%%

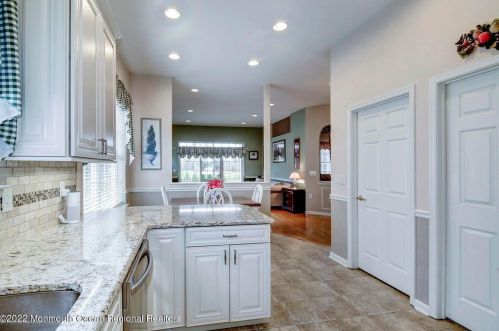 6 Seminole Ct, Jackson Twp NJ  08527-4042 exterior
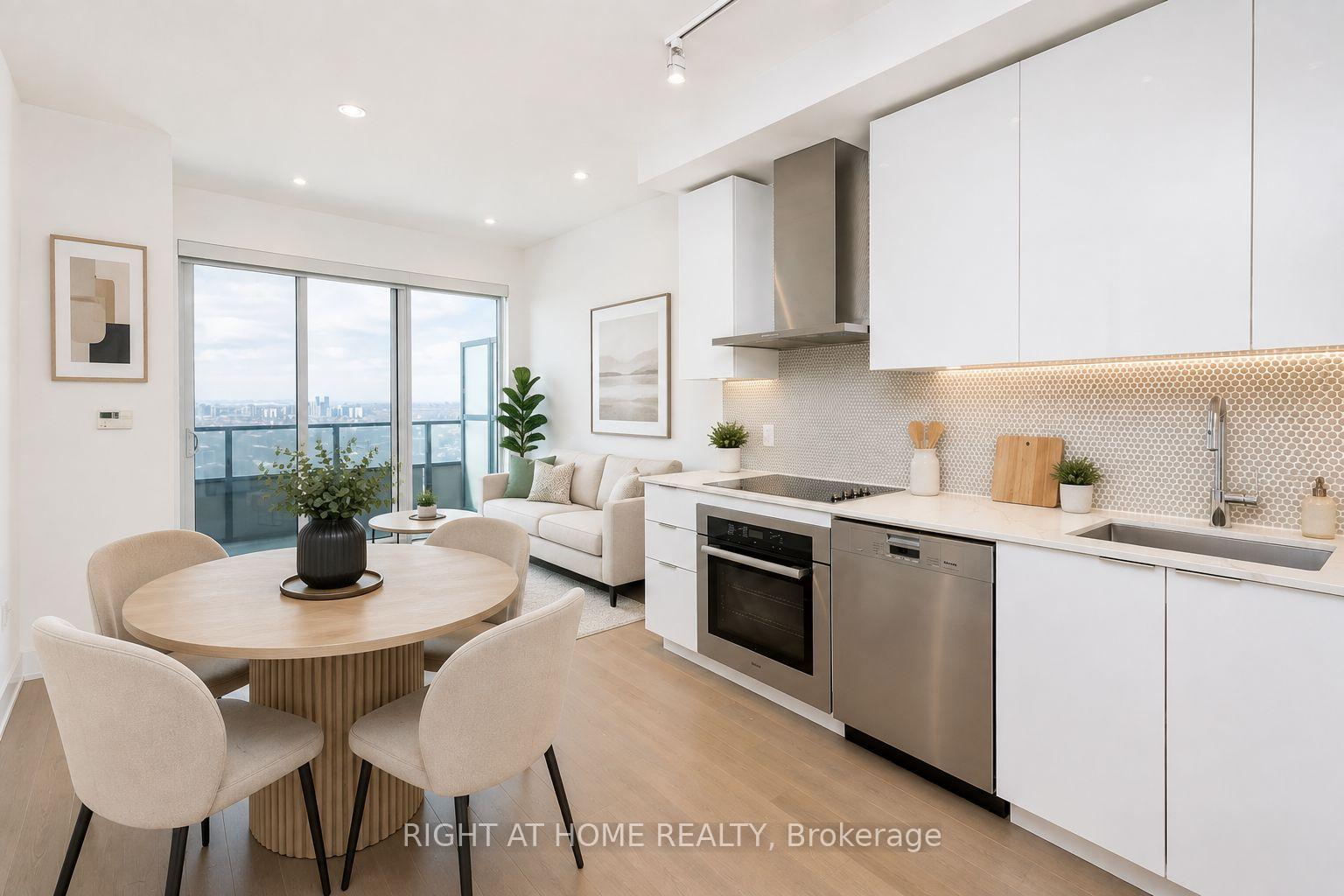 Photo 5 of Unit LPH02B, 20 Shore Breeze Drive, Etobicoke, Mimico — HOMEH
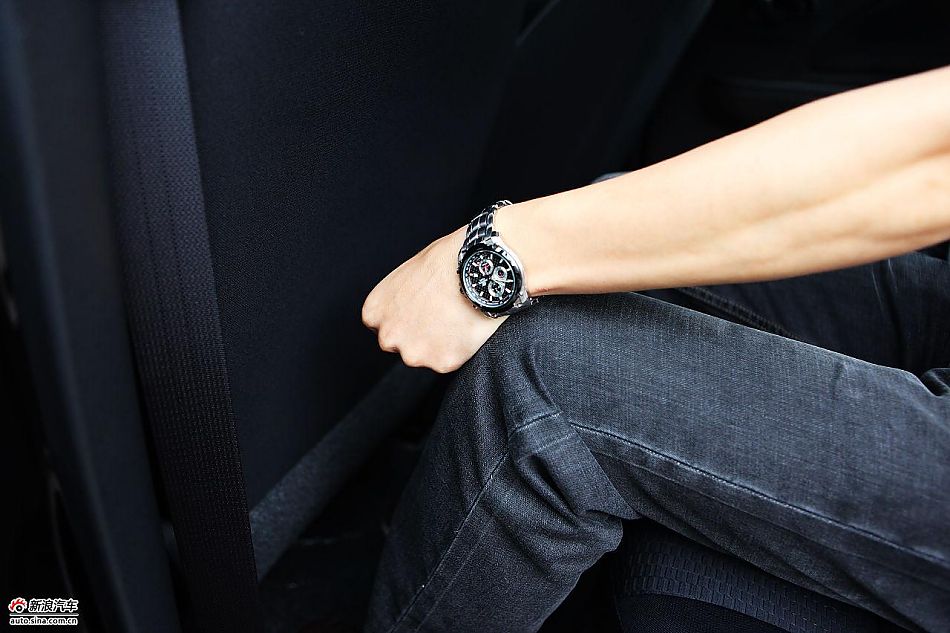 东风日产玛驰march内饰图片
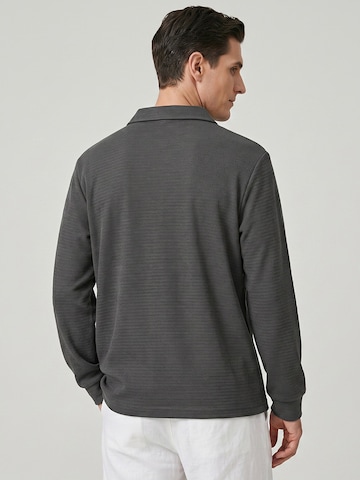ALLTHEMEN Shirt 'Schwinge' in Grey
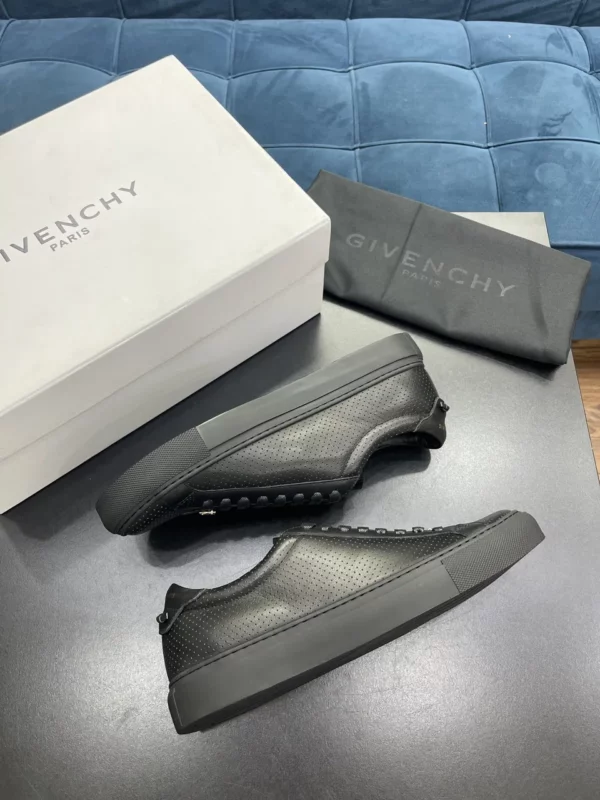 Givenchy shoes - Replica shoes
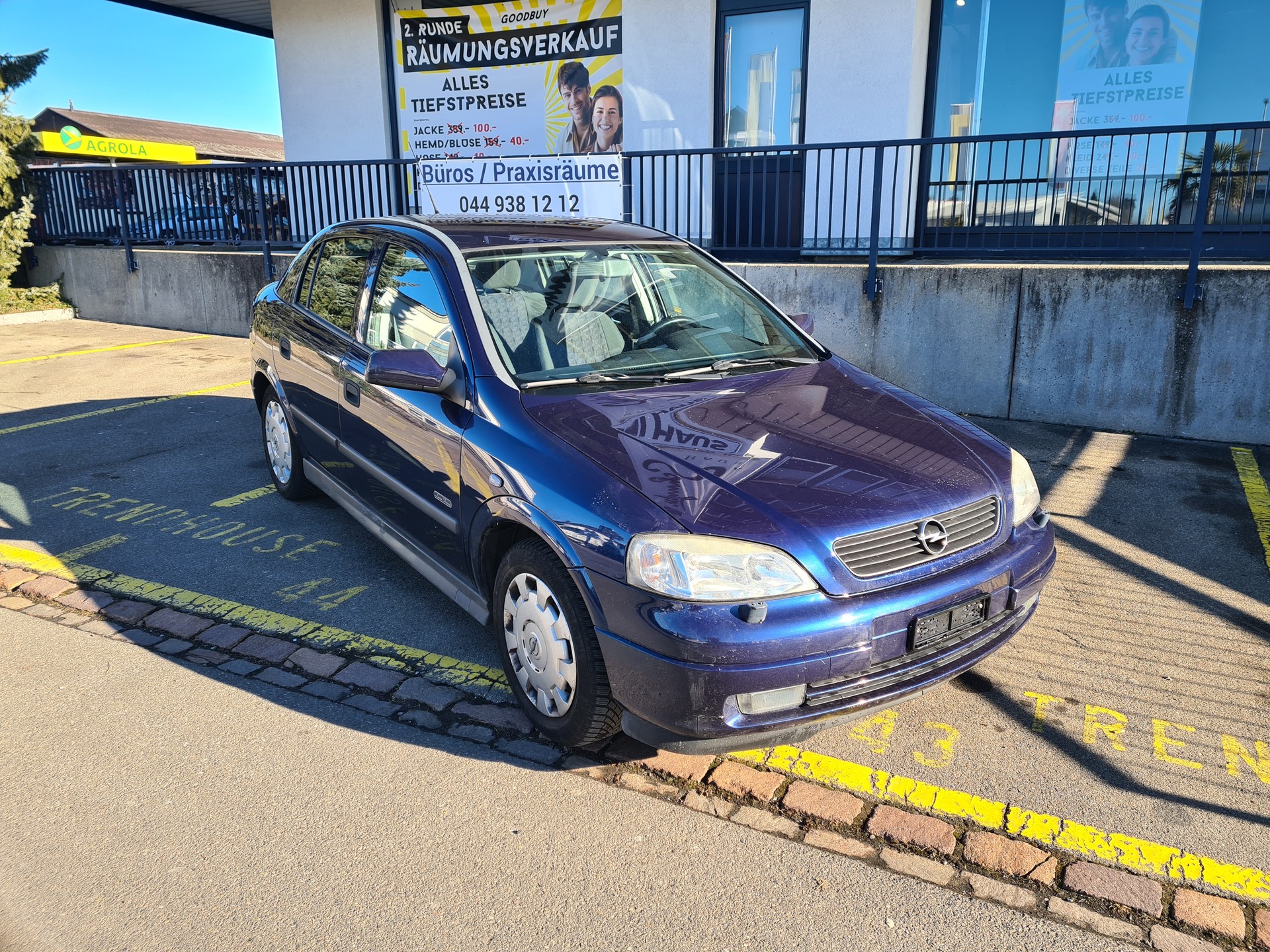 OPEL Astra 1.8i 16V Comfort-image-0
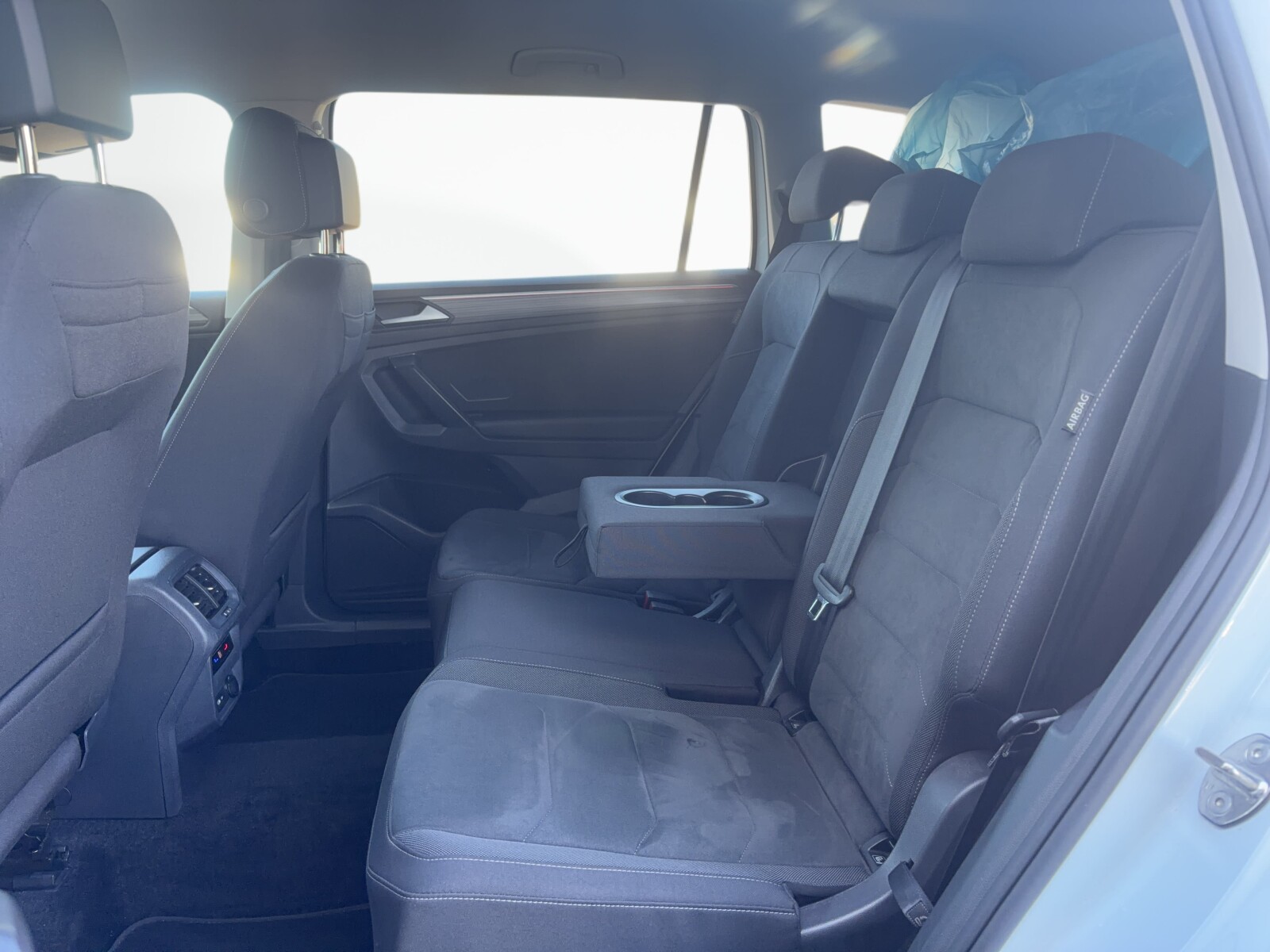 Volkswagen Tiguan Allspace - zdjęcie 24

%%

Reproduce the whole listing exactly, but not the images in it.

Task output |
 6 Seminole Ct, Jackson Twp NJ  08527-4042 exterior
 Photo 5 of Unit LPH02B, 20 Shore Breeze Drive, Etobicoke, Mimico — HOMEH
 东风日产玛驰march内饰图片
ALLTHEMEN Shirt 'Schwinge' in Grey
 Givenchy shoes - Replica shoes
 OPEL Astra 1.8i 16V Comfort-image-0
 Volkswagen Tiguan Allspace - zdjęcie 24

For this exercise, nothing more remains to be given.